Please, without any pictures, set down exactly the part of the listing below that opens with the line containing "1.37-Carat Oval Lab Grown Diamond" and closes with the line containing "60483 LEGO City Motorer – Læssemaskine".

▶ DATA FOR ANALYSIS
-*-*-
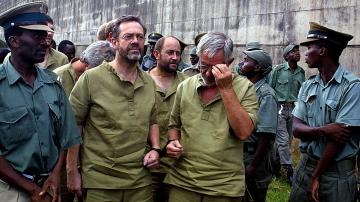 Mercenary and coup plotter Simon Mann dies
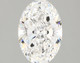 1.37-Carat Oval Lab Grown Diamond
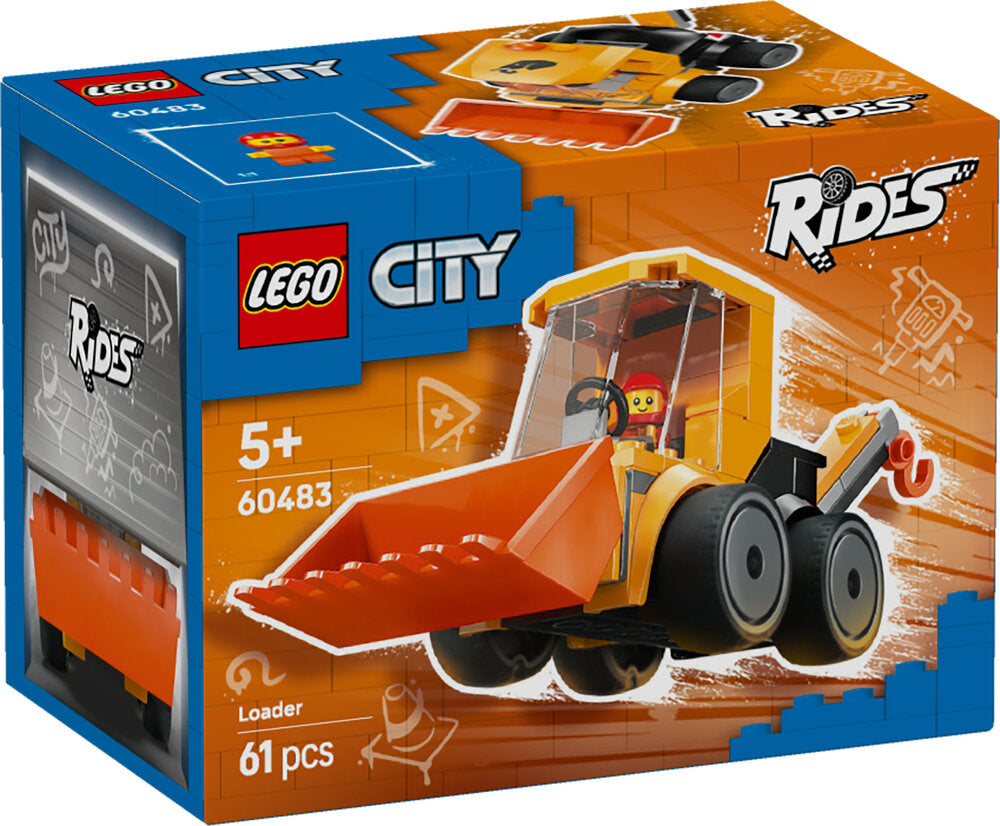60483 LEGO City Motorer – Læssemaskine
-*-*-
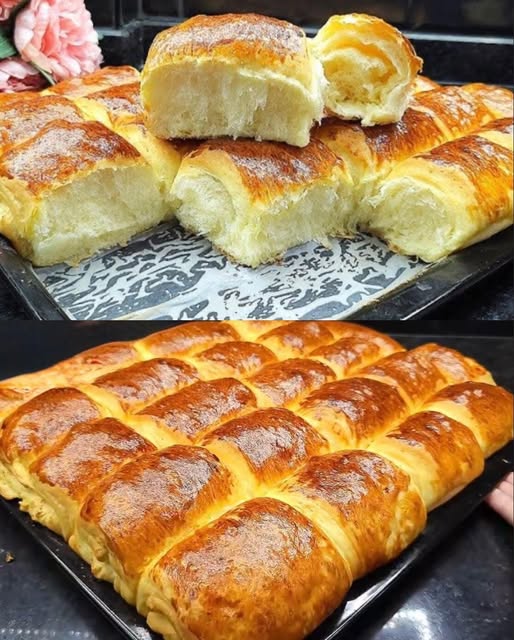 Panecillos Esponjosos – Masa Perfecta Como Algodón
-*-*-
▶ ANSWER SPACE
 1.37-Carat Oval Lab Grown Diamond
60483 LEGO City Motorer – Læssemaskine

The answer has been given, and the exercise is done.